> _Work item_
With pictures omitted, restate the data word for word.

> _Raw data_
=== Begin Enclosure ===

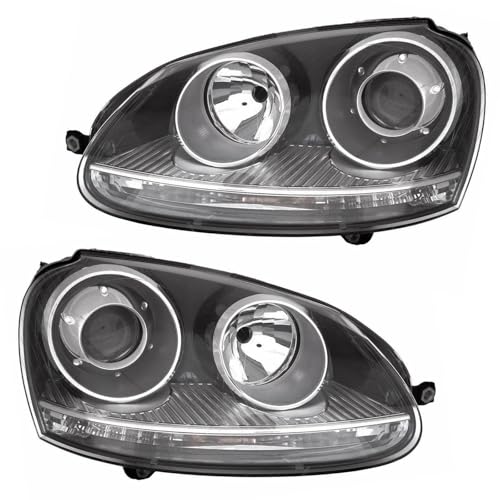Image of XYZ Parts Projector Upgrade Headlights Gti R32 Style Xenon Look Black Inner Compatible With VW Golf Mk5 2003-2009 Boxed Pair Replacements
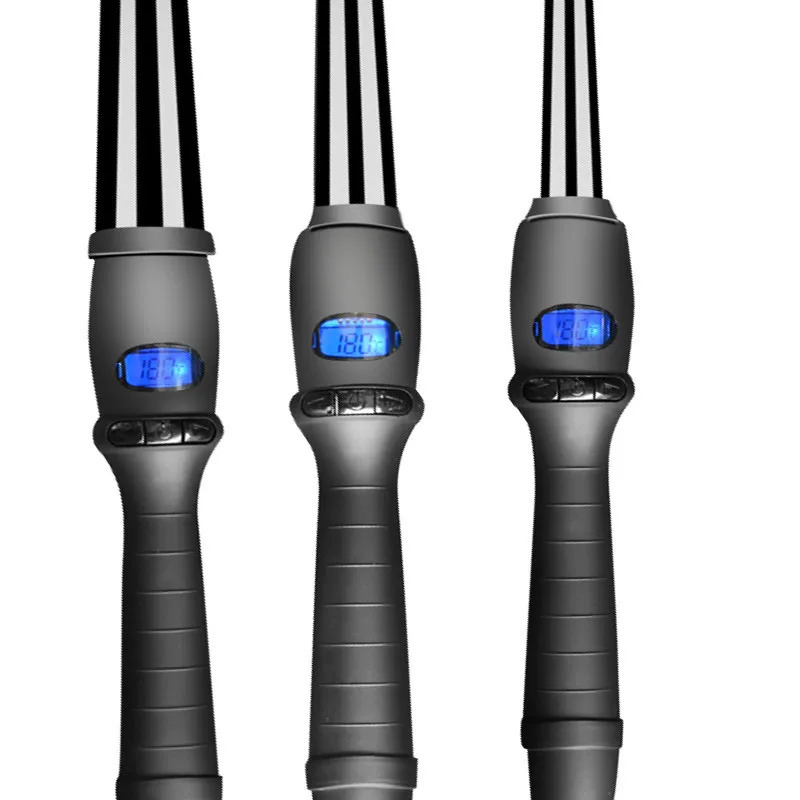 LCD curlers conical curling iron single tube ceramic glaze pear flower cone electric hair curly hair 250214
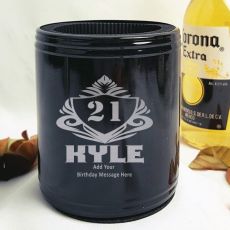 Personalised 21st Black Can Cooler- Male Gift
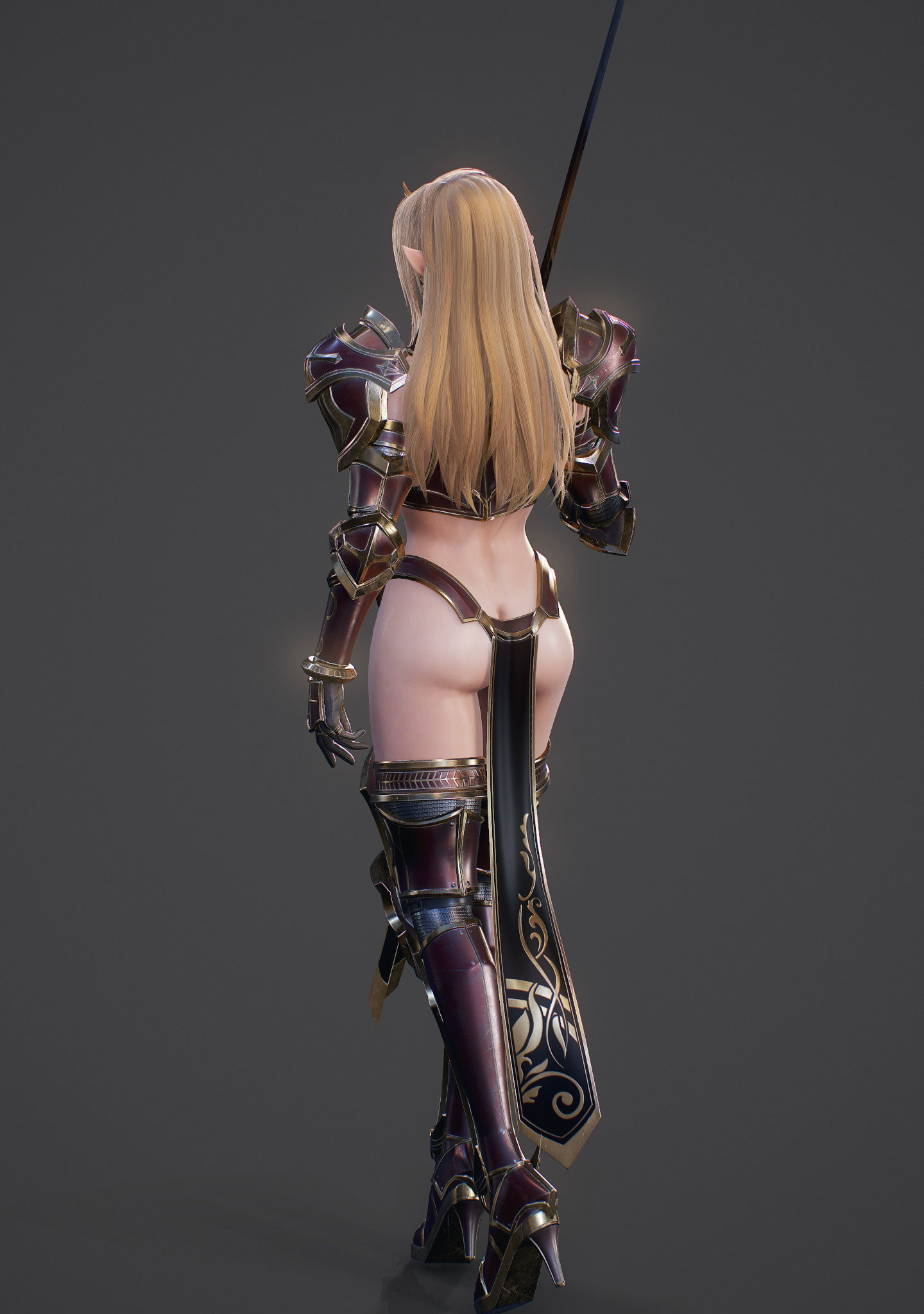 Elf Swordmaster - Game Ready Low-poly 3D model_35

=== End Enclosure ===

> _Solution for this task_
Image of XYZ Parts Projector Upgrade Headlights Gti R32 Style Xenon Look Black Inner Compatible With VW Golf Mk5 2003-2009 Boxed Pair Replacements
 LCD curlers conical curling iron single tube ceramic glaze pear flower cone electric hair curly hair 250214
 Personalised 21st Black Can Cooler- Male Gift
 Elf Swordmaster - Game Ready Low-poly 3D model_35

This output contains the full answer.